Saturday, March 27, 2010

LHC thoughts from Joel Achenbach


"Time to smash things up"

by

Joel Achenbach

March 25th, 2010

The Washington Post

They're about to start smashing things up at the Large Hadron Collider, the huge particle accelerator outside Geneva. Just to play it safe, I'm going to remain over here in North America, keeping a large chunk of the planet between me and this experiment.

No, I'm not worried that they're going to blow up up Europe. That's impossible! I'm just worried they'll create a time warp and I'll go back 6 months and be forced to relive the health care debate.

[Or worse: Back 35 years and I'm once again The Human Oddity of Hogtown.]

Seriously, although there are some hand-wringers out there who prophesy the end of the world, there's nothing to worry about. I've been to the LHC. I've been down in the tunnel. I've studied the beam line, the huge magnets, the detectors the size of small apartment buildings. What I can tell you with confidence is that it merely LOOKS like a doomsday machine.

The simple fact is that high-energy physics is already happening all around us all the time -- naturally. Particles are smashing into our atmosphere at the same kind of energy levels as will be created in the LHC. The universe is a big collider of sorts, and it likes to smash things up.

The most likely outcome of the experiment will be a lot of excited physicists and a general public that wonders if it was all worth the money. For example, as readers of this blog know, they're going to try to create a particle called the Higgs boson. But it's not like they're going to make a lot of Higgses and then sell them to tourists at the gift shop. It's not like you can take a Higgs and play racquet sports with it. As I understand it, under the best of scenarios the LHC experiments will merely detect suggestive signs of a Higgs. There will be patterns of particle decay that will hint that the Higgs had been momentarily present on the scene.

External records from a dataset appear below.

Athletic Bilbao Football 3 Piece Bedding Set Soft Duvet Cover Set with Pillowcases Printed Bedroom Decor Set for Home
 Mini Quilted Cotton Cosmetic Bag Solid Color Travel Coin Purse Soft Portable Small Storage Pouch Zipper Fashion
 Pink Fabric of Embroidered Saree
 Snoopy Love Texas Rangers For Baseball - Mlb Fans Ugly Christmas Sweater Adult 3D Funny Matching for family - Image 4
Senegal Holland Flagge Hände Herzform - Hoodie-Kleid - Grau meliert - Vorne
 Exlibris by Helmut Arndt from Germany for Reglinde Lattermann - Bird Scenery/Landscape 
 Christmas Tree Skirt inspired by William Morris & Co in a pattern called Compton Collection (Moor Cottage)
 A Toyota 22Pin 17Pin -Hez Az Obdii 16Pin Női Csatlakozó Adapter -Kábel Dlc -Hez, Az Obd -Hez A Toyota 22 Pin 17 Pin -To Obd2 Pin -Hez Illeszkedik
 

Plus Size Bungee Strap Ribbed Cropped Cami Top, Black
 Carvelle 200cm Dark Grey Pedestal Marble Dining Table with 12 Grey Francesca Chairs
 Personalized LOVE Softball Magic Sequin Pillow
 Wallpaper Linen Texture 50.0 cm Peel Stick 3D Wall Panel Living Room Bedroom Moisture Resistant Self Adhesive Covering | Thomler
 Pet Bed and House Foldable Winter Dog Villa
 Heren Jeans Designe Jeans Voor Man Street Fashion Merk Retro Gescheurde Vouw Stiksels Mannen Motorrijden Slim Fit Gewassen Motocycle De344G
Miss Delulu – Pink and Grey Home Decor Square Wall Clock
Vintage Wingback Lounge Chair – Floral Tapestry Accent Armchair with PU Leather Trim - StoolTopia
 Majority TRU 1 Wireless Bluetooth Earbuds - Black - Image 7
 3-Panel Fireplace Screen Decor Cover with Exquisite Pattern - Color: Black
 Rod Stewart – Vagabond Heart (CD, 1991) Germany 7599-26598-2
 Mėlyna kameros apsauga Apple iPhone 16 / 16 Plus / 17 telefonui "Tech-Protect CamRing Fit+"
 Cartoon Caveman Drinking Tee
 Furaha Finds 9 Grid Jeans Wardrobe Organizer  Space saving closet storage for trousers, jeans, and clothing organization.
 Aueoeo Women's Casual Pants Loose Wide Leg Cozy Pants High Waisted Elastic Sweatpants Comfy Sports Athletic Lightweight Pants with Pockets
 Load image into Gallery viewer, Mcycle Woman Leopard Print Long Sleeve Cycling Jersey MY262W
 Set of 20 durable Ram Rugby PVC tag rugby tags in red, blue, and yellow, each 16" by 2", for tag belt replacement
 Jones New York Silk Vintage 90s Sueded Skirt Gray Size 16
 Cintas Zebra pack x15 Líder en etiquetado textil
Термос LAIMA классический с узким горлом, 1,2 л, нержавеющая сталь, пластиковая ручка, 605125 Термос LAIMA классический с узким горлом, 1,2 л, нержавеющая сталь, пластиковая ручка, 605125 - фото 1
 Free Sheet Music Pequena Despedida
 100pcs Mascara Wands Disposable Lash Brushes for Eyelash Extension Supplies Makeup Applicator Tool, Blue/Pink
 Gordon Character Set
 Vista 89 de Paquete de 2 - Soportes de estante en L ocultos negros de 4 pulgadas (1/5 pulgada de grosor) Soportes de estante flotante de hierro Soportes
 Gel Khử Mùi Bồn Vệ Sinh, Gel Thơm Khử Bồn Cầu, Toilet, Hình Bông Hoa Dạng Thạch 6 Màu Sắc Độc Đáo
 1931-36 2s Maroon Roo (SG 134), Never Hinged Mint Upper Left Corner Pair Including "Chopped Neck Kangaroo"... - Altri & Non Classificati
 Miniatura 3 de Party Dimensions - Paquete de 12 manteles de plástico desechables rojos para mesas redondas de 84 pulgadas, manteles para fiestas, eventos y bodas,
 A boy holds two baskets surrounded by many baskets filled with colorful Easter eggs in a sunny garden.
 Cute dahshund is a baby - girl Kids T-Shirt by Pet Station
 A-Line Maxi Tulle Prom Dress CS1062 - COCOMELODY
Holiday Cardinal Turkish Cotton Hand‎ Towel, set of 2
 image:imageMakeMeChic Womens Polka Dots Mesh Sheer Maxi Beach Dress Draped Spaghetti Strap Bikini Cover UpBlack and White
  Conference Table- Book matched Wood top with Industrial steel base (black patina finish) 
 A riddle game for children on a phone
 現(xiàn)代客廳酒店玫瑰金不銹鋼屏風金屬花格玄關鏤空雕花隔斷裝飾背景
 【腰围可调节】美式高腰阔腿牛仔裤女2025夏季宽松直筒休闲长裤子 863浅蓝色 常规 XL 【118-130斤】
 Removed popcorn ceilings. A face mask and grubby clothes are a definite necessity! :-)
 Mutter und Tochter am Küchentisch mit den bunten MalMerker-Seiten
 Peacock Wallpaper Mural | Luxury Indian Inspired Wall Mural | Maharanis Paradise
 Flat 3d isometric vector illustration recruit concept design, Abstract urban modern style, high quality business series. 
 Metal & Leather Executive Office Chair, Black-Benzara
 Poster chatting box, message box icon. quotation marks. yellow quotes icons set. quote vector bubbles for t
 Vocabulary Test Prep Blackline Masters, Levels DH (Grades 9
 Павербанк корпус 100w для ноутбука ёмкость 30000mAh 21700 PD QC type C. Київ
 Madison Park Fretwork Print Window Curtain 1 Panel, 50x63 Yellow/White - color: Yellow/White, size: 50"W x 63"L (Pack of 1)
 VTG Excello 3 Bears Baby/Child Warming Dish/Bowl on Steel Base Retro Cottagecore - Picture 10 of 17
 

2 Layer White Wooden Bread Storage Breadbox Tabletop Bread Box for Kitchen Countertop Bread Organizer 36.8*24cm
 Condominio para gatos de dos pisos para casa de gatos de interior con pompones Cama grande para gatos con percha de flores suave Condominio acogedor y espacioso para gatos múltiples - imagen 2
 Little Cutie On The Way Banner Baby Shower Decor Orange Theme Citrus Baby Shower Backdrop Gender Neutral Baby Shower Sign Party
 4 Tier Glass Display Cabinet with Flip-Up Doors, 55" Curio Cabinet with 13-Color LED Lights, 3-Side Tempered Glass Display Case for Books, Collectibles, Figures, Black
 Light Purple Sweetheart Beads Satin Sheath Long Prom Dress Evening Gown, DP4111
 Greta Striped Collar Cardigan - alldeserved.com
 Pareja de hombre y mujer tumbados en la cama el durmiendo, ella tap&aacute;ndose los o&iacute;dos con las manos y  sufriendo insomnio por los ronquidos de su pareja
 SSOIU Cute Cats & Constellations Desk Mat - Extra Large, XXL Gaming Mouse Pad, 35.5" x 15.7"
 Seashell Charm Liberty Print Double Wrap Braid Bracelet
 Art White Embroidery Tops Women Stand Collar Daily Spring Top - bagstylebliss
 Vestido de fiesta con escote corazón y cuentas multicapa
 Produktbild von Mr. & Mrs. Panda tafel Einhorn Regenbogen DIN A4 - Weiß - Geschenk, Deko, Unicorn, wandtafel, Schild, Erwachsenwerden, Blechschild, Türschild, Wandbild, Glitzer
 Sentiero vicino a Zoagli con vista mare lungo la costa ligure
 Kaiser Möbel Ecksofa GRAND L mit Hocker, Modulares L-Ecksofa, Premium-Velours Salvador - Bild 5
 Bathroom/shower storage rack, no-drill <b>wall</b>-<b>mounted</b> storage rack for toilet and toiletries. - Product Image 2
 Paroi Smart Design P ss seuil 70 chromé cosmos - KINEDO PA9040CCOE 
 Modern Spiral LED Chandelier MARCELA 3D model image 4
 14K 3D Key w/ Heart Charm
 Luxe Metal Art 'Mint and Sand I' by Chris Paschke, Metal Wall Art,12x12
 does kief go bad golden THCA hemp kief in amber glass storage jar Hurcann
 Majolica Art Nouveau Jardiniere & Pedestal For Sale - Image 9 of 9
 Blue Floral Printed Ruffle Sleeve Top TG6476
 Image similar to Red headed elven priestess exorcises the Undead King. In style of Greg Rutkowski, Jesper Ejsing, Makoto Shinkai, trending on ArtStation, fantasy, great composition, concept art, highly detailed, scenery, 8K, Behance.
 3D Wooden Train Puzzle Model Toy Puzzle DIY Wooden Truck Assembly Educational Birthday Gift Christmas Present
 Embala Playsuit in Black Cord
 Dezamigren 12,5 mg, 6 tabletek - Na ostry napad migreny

Moreover, if we do find evidence of the Higgs, it's not like we can necessarily do anything with this knowledge. This is basic research, not applied research. Which is important. You don't know when a piece of knowledge will pay off in some practical fashion. Someday, maybe, our knowledge of the Higgs will allow us to figure out where we left the remote. But don't expect anything practical to come out of this in the short run, such as a black hole swallowing half of Europe. This is a 10-billion-dollar experiment in search of ephemeral particles that have zero utility and will come and go like a sneeze in a hurricane.

What we should really fear is that scientists won't discover anything they don't fully expect to discover. No one wants the LHC to come up with all the predicted particles. Sparking up a Higgs would be nice, but better yet would be making a Higgs that had green hair and weird facial piercings. The scientists want to find things that catch them by surprise, and which inspire new theories -- "new physics." No one wants to come to the conclusion that we've found out everything that we're ever going to find out. Because then we'd have to fold up shop.

As always, what's really interesting is the unknown, and the journey into mystery.